> ABOUT THIS EXERCISE
Exact reproductions of all the entries, please, and no pictures.

> DATA SHOWN
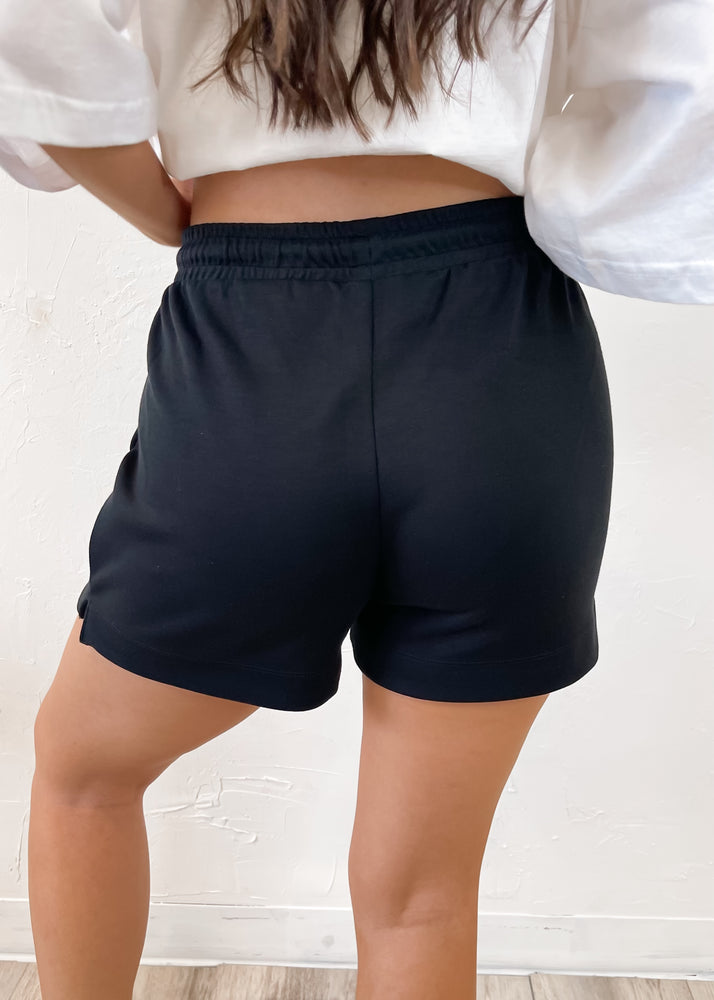 The Getaway Short | Black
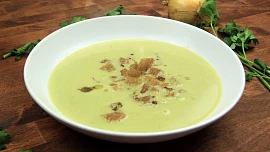 Hrachová polévka zahřeje i nasytí: Máte raději tu ze sušeného nebo zeleného hrášku?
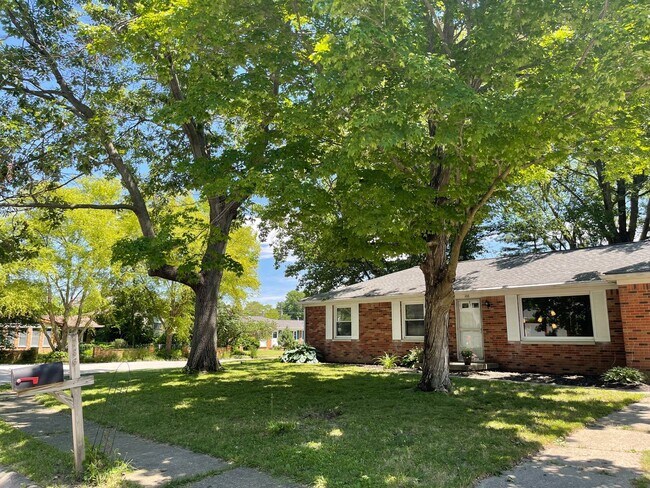 Building Photo - 3 Bedroom Home, Fully Furnished & Utilities Included!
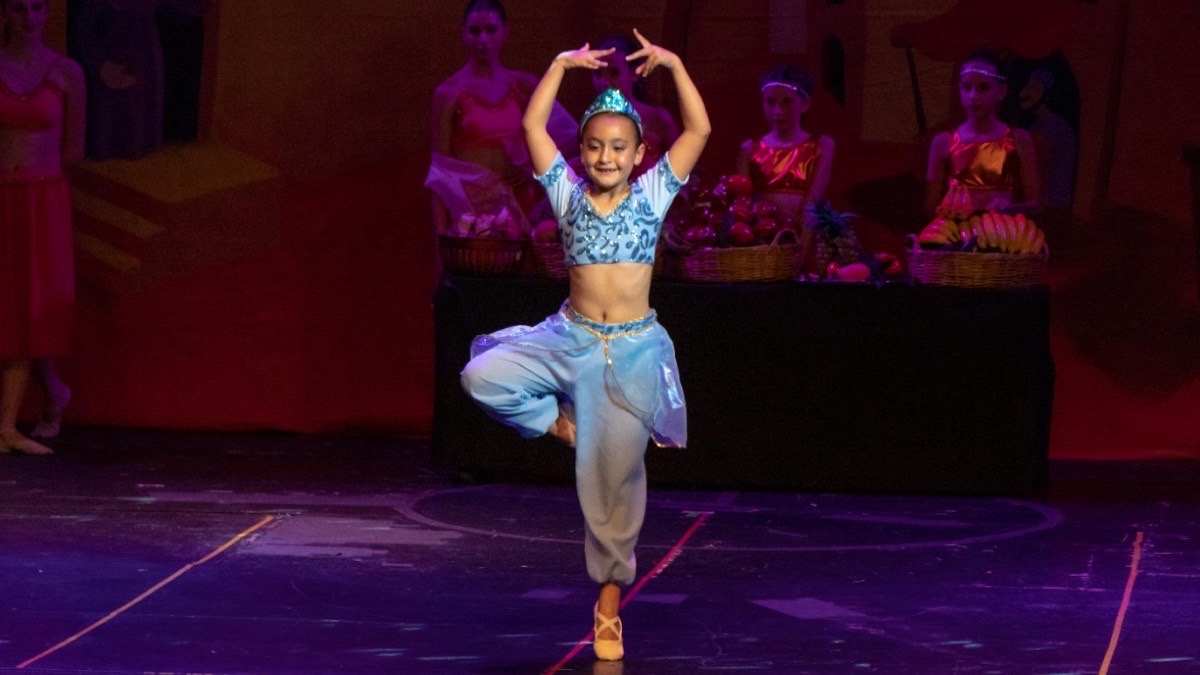 Adriana Dávila presenta el show anual de su academia Let’s Dance Studio: ‘Aladino’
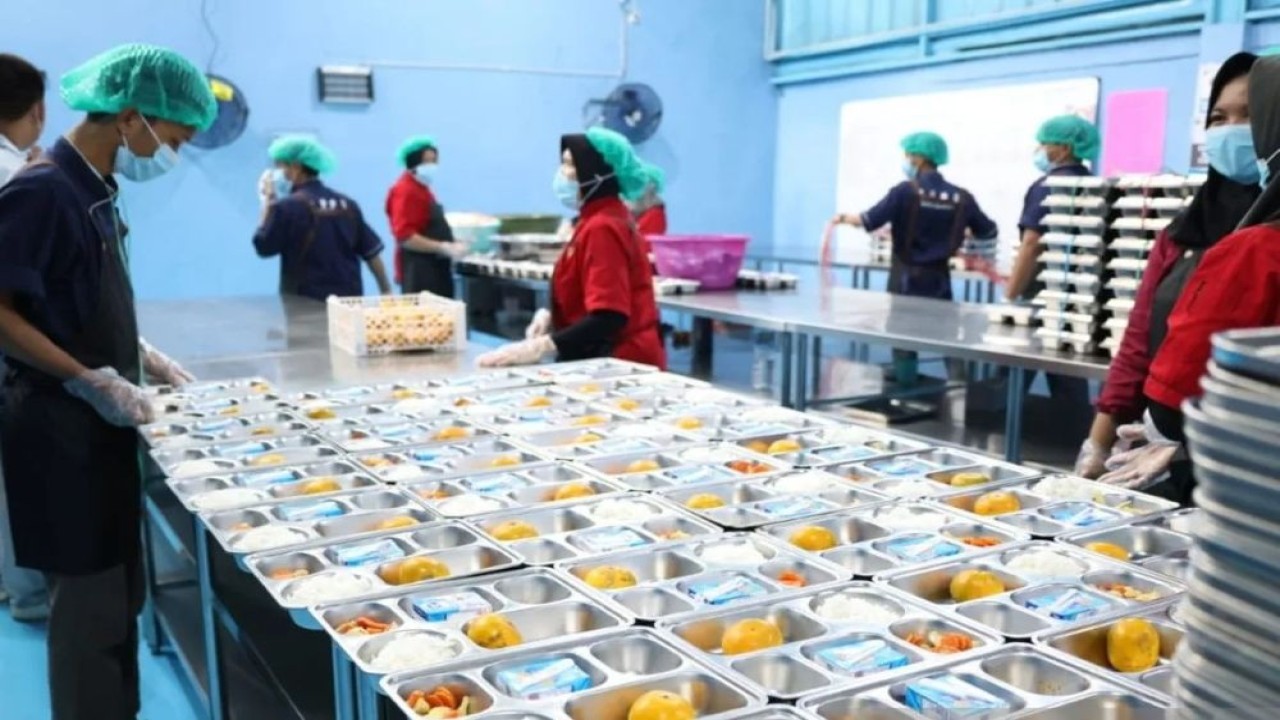 Ilustrasi - Petugas Satuan Pelayanan Pemenuhan Gizi (SPPG) menyajikan menu makanan yang akan didistribusikan ke sekolah dalam program MBG. (Foto: ANTARA/Azmi Samsul M)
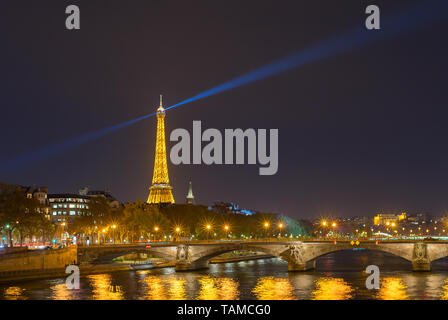 PARIS, Frankreich, 10. NOVEMBER 2018: Siene river Embankment und Eiffelturm mit Spotlight in der Nacht in Paris. Stockfoto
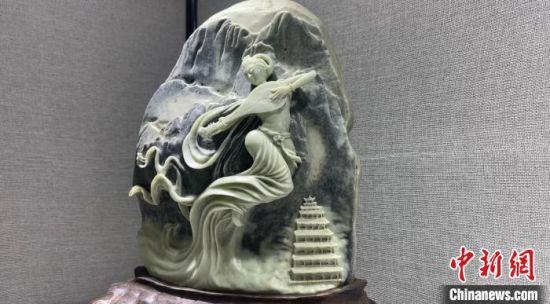 圖為李學(xué)平的玉雕作品?！「攥?攝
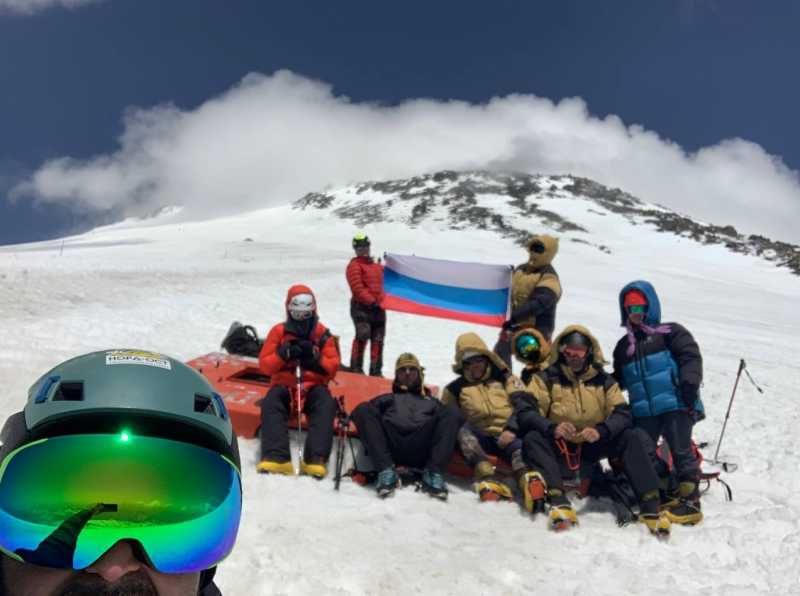 Новороссийские альпинисты отмечают праздник на Эльбрусе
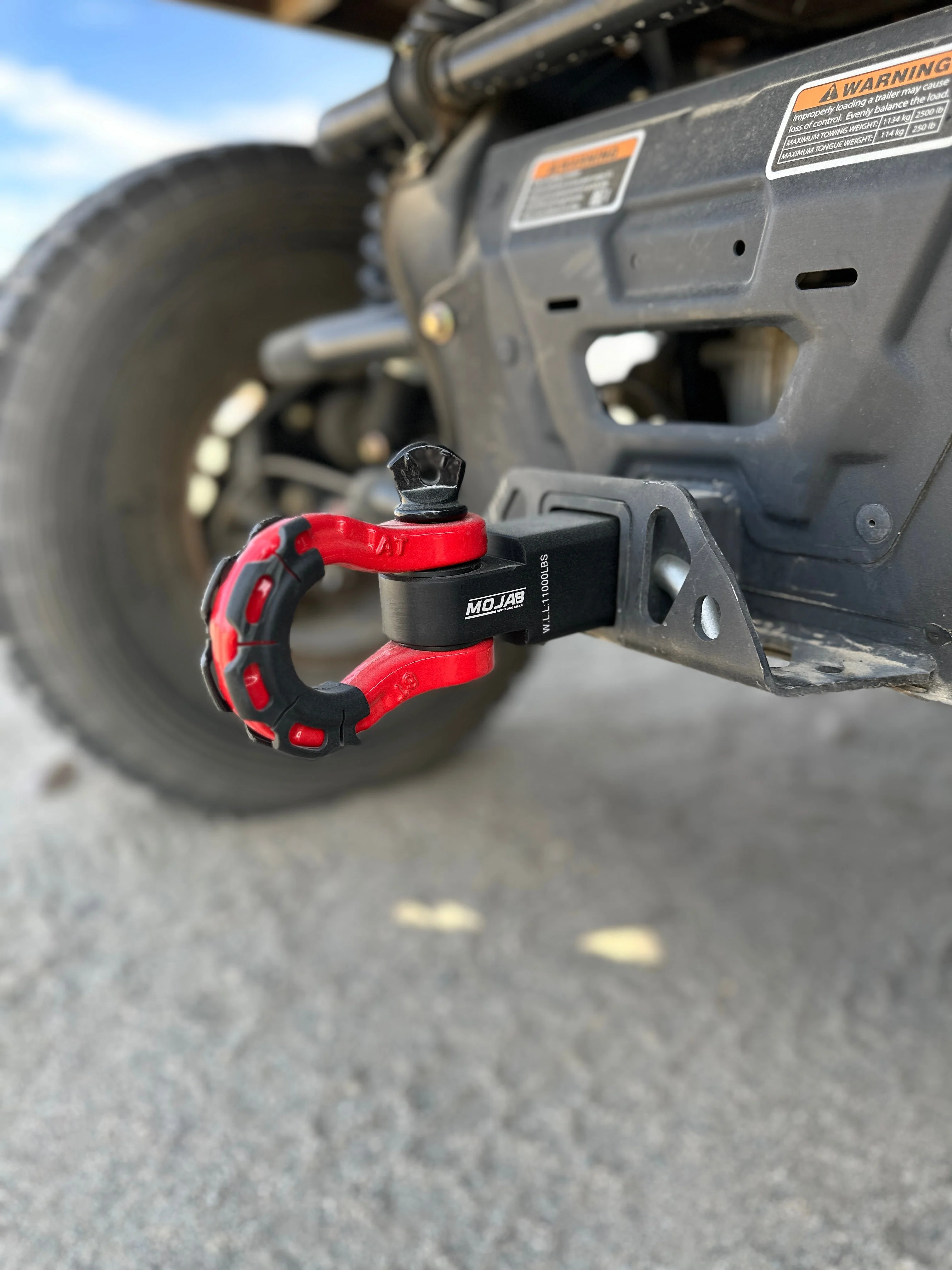 2'' Aluminum Hitch Receiver with Steel D-Shackle (LIFETIME WARRANTY) - Image 3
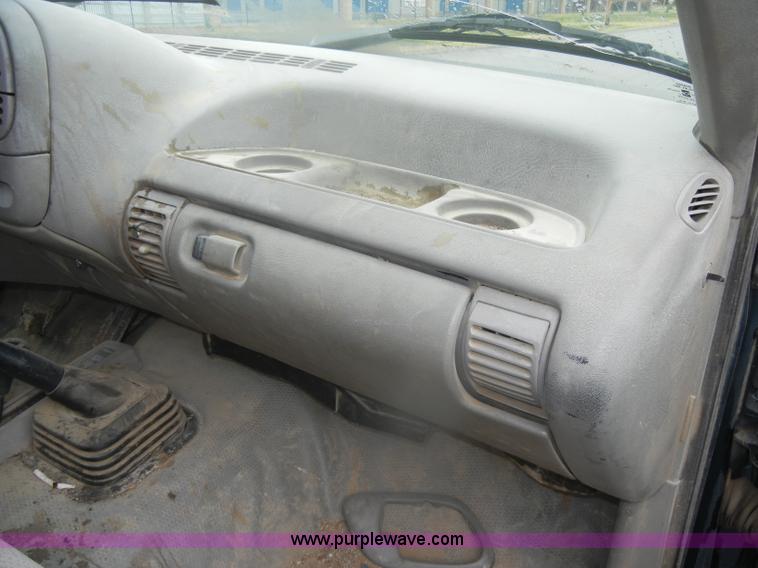 image for item D4792 1996 GMC Sierra 3500 SLE flatbed pickup truck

> ANSWER TO THIS PROBLEM
 The Getaway Short | Black
 Hrachová polévka zahřeje i nasytí: Máte raději tu ze sušeného nebo zeleného hrášku?
 Building Photo - 3 Bedroom Home, Fully Furnished & Utilities Included!
 Adriana Dávila presenta el show anual de su academia Let’s Dance Studio: ‘Aladino’
 Ilustrasi - Petugas Satuan Pelayanan Pemenuhan Gizi (SPPG) menyajikan menu makanan yang akan didistribusikan ke sekolah dalam program MBG. (Foto: ANTARA/Azmi Samsul M)
 PARIS, Frankreich, 10. NOVEMBER 2018: Siene river Embankment und Eiffelturm mit Spotlight in der Nacht in Paris. Stockfoto
 圖為李學(xué)平的玉雕作品?！「攥?攝
 Новороссийские альпинисты отмечают праздник на Эльбрусе
 2'' Aluminum Hitch Receiver with Steel D-Shackle (LIFETIME WARRANTY) - Image 3
 image for item D4792 1996 GMC Sierra 3500 SLE flatbed pickup truck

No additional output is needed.